Just another Friday. For many people that may well be true. The majority all waking up with that ‘Friday feeling’.
The headlines from the papers that day………..Fears for Britain’s high streets amid shop closures and the Prime Minister’s efforts to avoid a Brexit Cabinet breakdown dominated Friday 8th June front pages. As I said, just another Friday.
Armed with a lot of ‘good luck’ messages, my wife and I set off for Western Park for my 2pm appointment. The conversation during the 40 or so minute drive to the hospital was filled with a lot of “what if”… “can you imagine if”… “what shall we do if”…
Arriving at the hospital and entering the waiting area knowing that at ‘present’ I didn’t need any further treatment or blood work taking was a relief in itself, albeit this could change real soon. Would the results show I’d need surgery?
After a short wait, in to the meeting room we were called. Dr Evans (my oncologist) wasn’t in the room yet so my wife and I just sat and waited. It can’t have been for more than 3 or 4 minutes but it seemed like forever.
Then I heard her voice. Talking in another room but getting closer to us.
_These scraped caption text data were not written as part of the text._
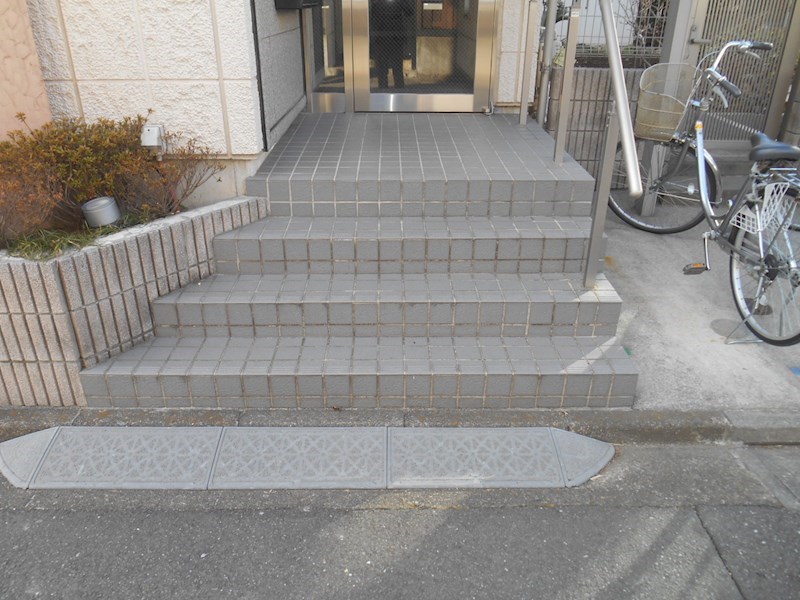 東京都国立市富士見台２丁目 玄関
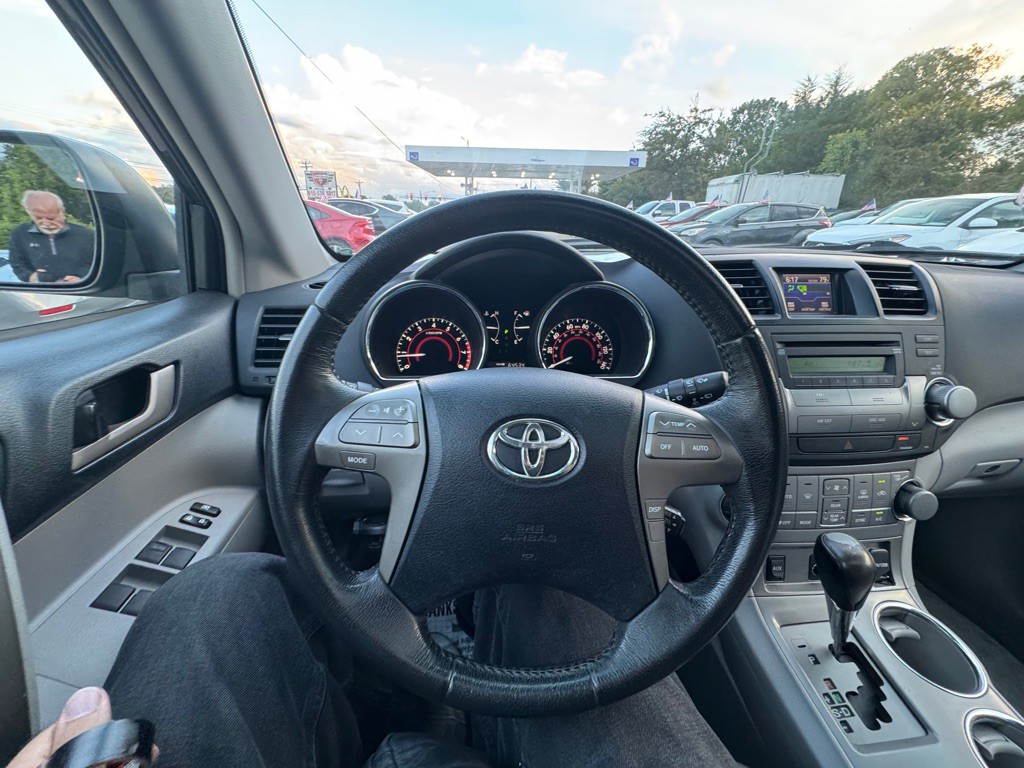 2010 Toyota Highlander Image 14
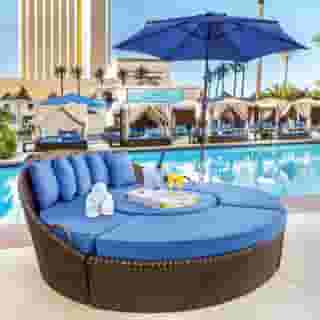 Luxor Hotel and Casino, 2 of 5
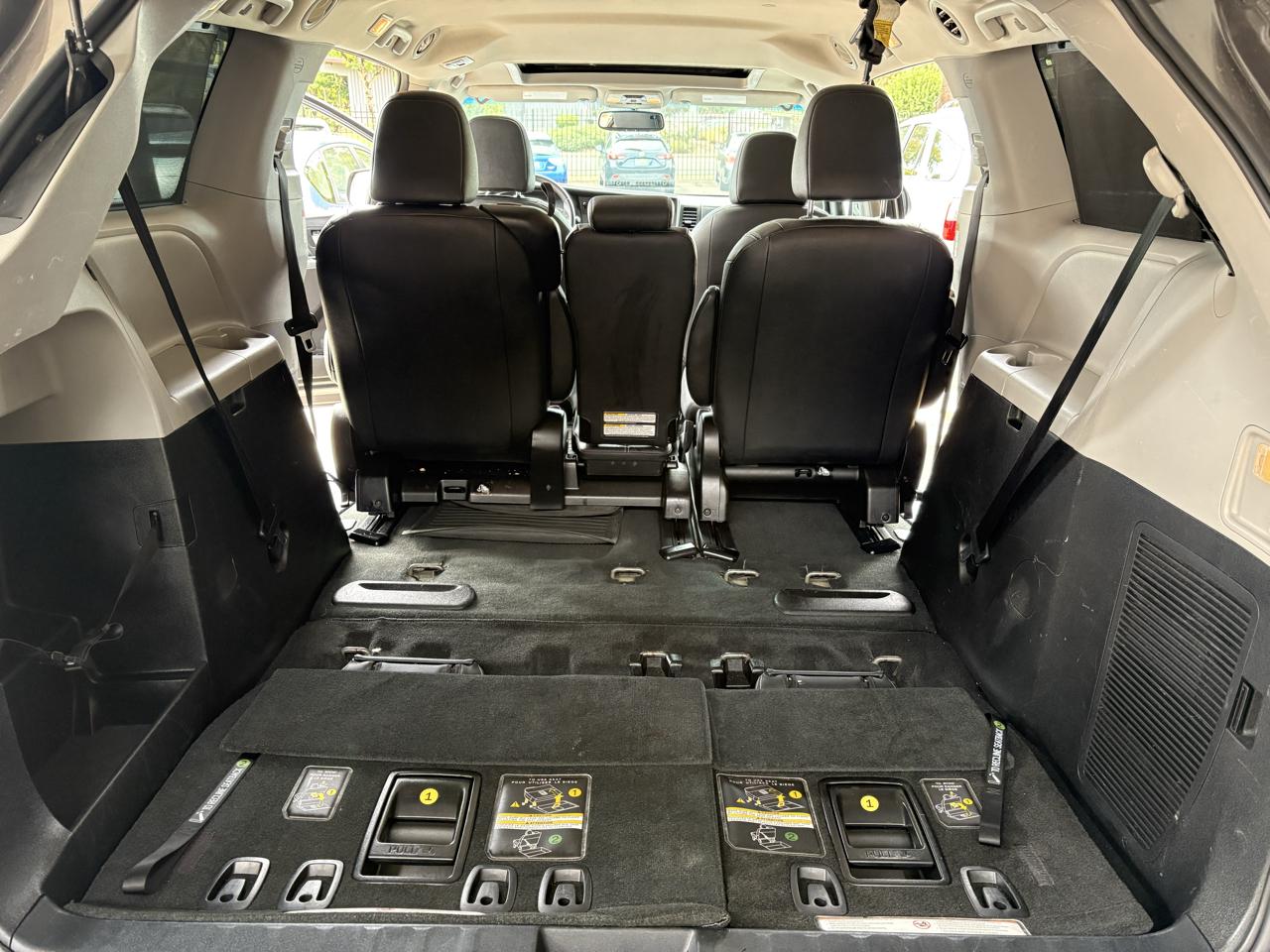 Toyota Sienna SE 8-Passenger 2017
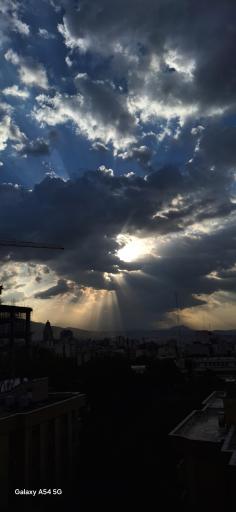 عکس ساختمان یاس (پت سی تی بیمارستان خاتم)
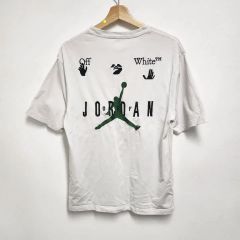 激レア】オフホワイト×ジョーダン☆限定コラボビッグロゴ入りTシャツ 
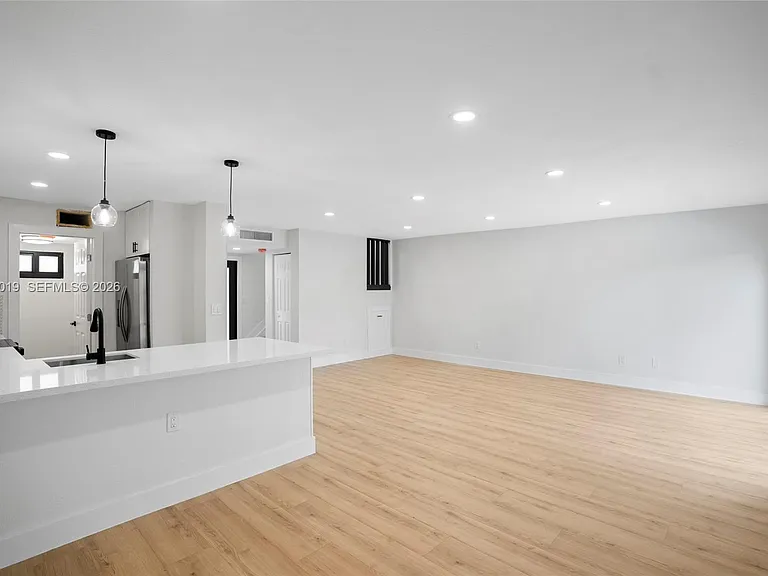 28015 SW 143rd Ct — Photo 6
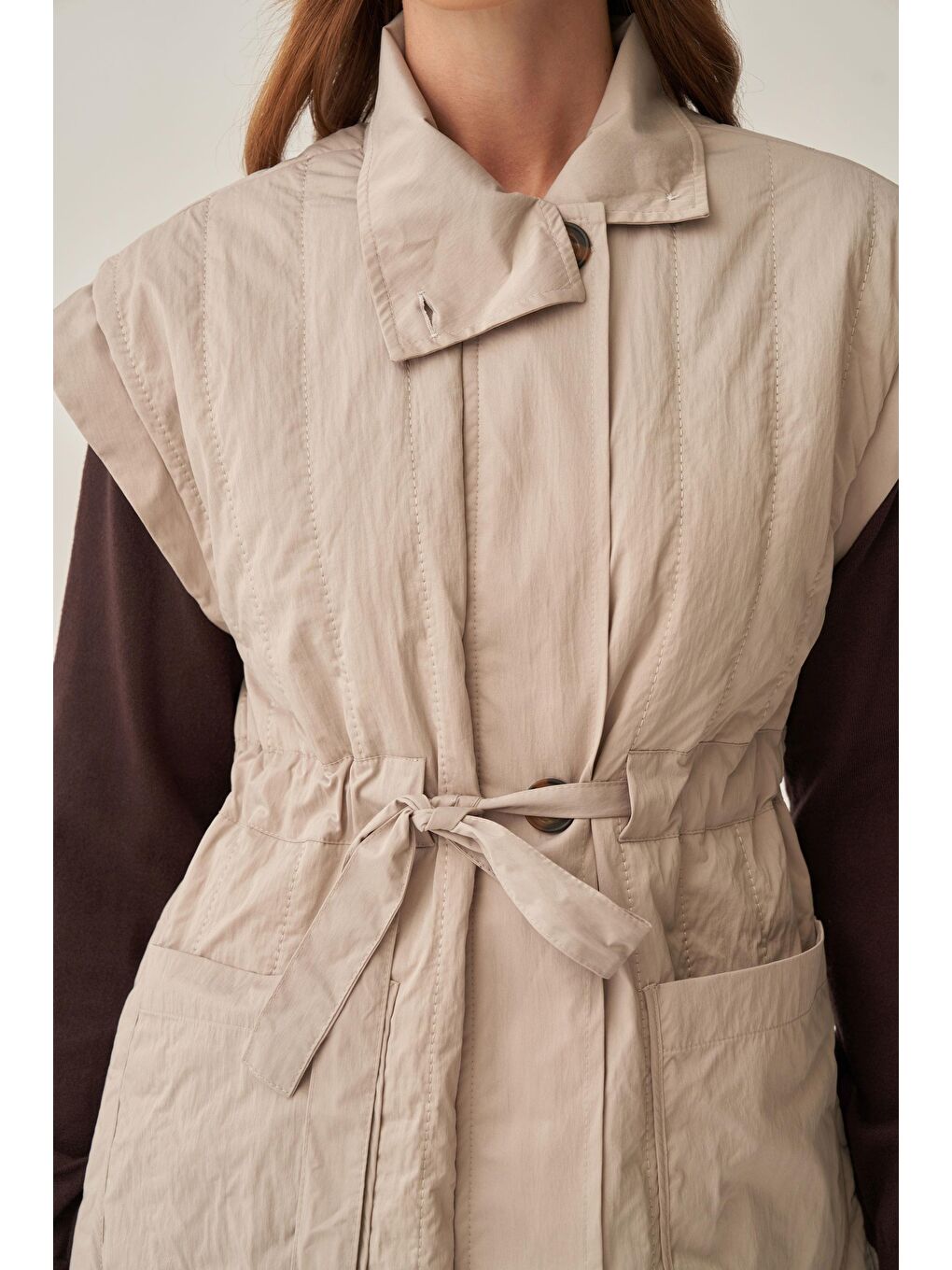 Bej Taş-Düğmeli Kemerli Kapitone Yelek-3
The adjoining door that linked her office to the meeting room opened and in came Dr Evans.
“You’ve done beautifully”, “your scans were boring” a couple of the lines that Dr Evans said to tell me I was in remission!! I’ve had a lot of good news given to me over the years in a variety of different contexts, but nothing, nothing, as ever sounded as good as those words that Dr Evans said to me.
The Ultra Sound scan had shown no signs of cancerous lumps and the PET scan was normal, whereby the ‘radioactive sugar’ had been absorbed in to my blood stream as it should do and not ‘eaten’ by live cancer.
Reflecting back to that day some 5 months since being told I was in remission, (13th October 2018) my body covers itself in goose bumps and the smile on my face stretches so wide at the sure delight and amazement that the treatment worked and that Friday 8th June 2018 was the day I could start to rebuild my life.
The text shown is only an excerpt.